Exercise data:
====================

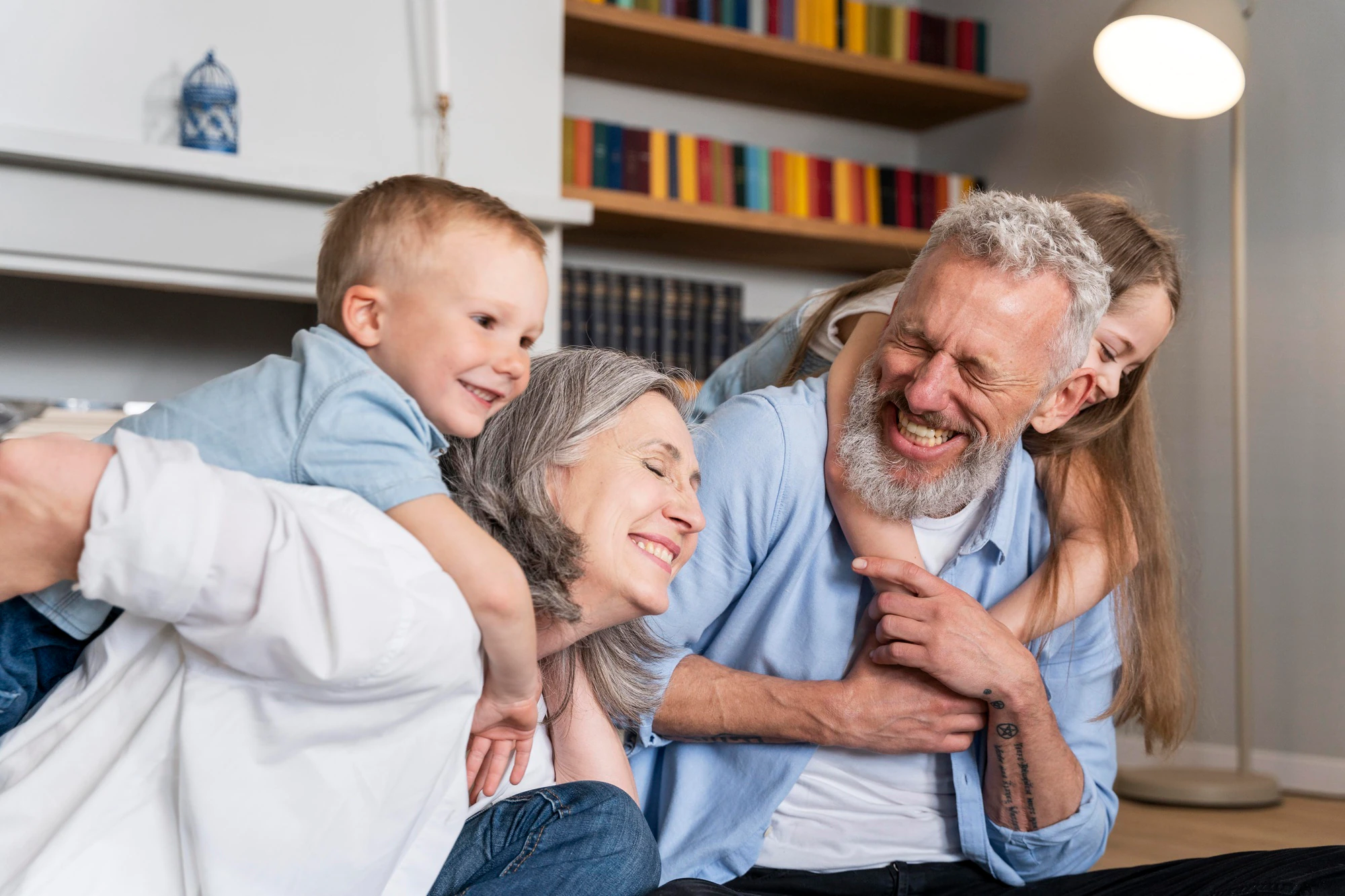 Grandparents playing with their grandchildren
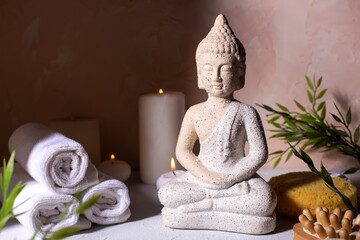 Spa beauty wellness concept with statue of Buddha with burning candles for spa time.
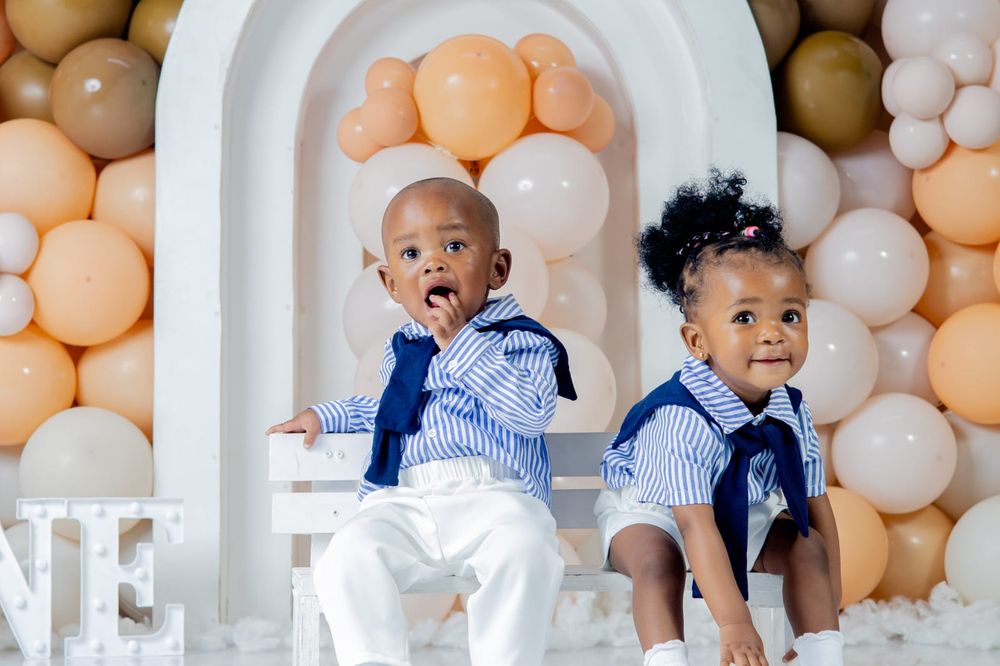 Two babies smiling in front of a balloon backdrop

====================

Try it:
Excluding images, output exactly the lines from the one that holds "Spa beauty wellness" through the final line of the material, both ends included.

Answer section:
 Spa beauty wellness concept with statue of Buddha with burning candles for spa time.
 Two babies smiling in front of a balloon backdrop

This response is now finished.